It is indeed this form of nostalgia that one senses in Wickremasinghe's 'Lay Bare the Roots' and his later writings. He sees the past not as a space of refuge, a topographical imaginary, but one that is full of possibilities for the future if only we are able to exercise our critical faculties, and sort out the good from the bad. That is why I have chosen to call it a critical nostalgia. Clearly, Wickremasinghe is espousing this form of nostalgia. It is important to bear in mind the fact that the thread that connects all his writings is Buddhist thought, and the idea of flux and multiple causalities underlying any incident - which lie at the heart of Buddhist worldview - has inflected his ideas of nostalgia.

Martin Wickremasinghe trilogy of novels, 'Gamperaliya', 'Kaliyugaya', 'Yuganthaya', which I have discussed in detail in my book, 'Sinhala Novel and the Public Sphere', display the power of critical nostalgia I am referring to.

These three novels chart a very important social transformation that took place in this country - the collapse of feudalism and the rise and spread of the middle class in terms of interpersonal relationships. In his hands, the critical nostalgia that I am focusing on has proved to be a highly productive enframing device of his narrative.

Wickremasinghe's three novels reconfigure the rise of the indigenous middle class and the cultivation of seeds of its self-destruction. The author is clearly arguing against the linear, putatively universal model of modernity imposed on our thinking by western social science.

He is also making the related point that it is only by drawing judiciously on the vitality and nurturing power of traditional culture that we are able to construct meaningful and wholesome lives for ourselves and meet the manifold challenges unleashed by the fissiparous forces of modernity.

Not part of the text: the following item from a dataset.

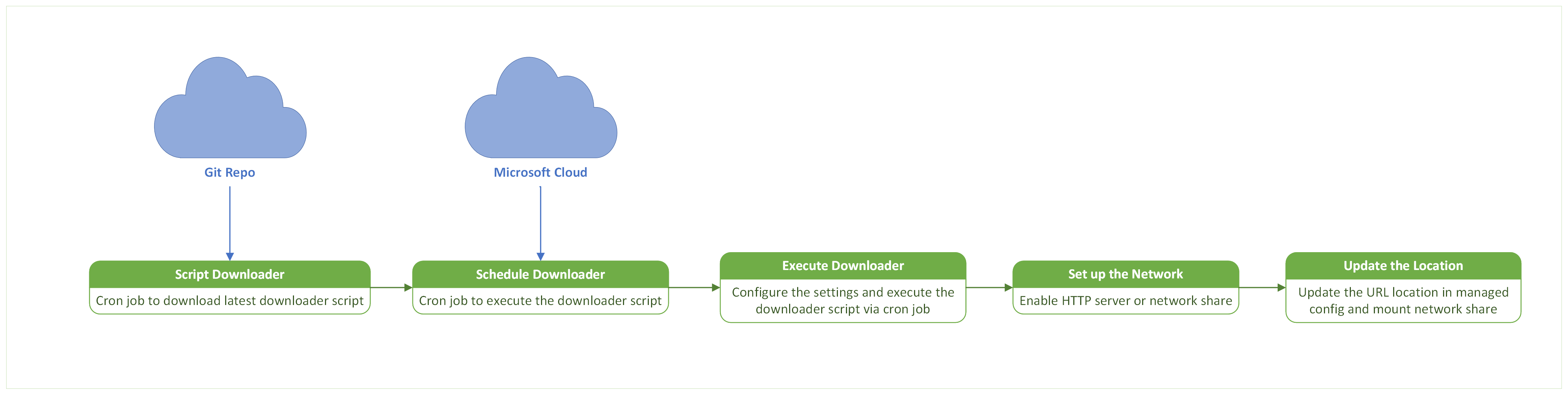 Diagramma del flusso di processo nel server mirror per il download degli aggiornamenti di Security Intelligence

The point of view that Wickremasinghe is articulating is wrapped up in the concept of critical nostalgia that I referred to earlier. It is indeed a mark of his mental agility that he was able to enforce that connection.

A distinctive feature of critical nostalgia, as given figuration by Wickremasinghe, is that it is quick to recognize the drawbacks of the past, the inevitability of change, even as it is holds up for admiration the power of traditional cultures and ways of understanding as living presences in modern society. The erasure of the past by supercilious neglect is not a strategy that appeals to him.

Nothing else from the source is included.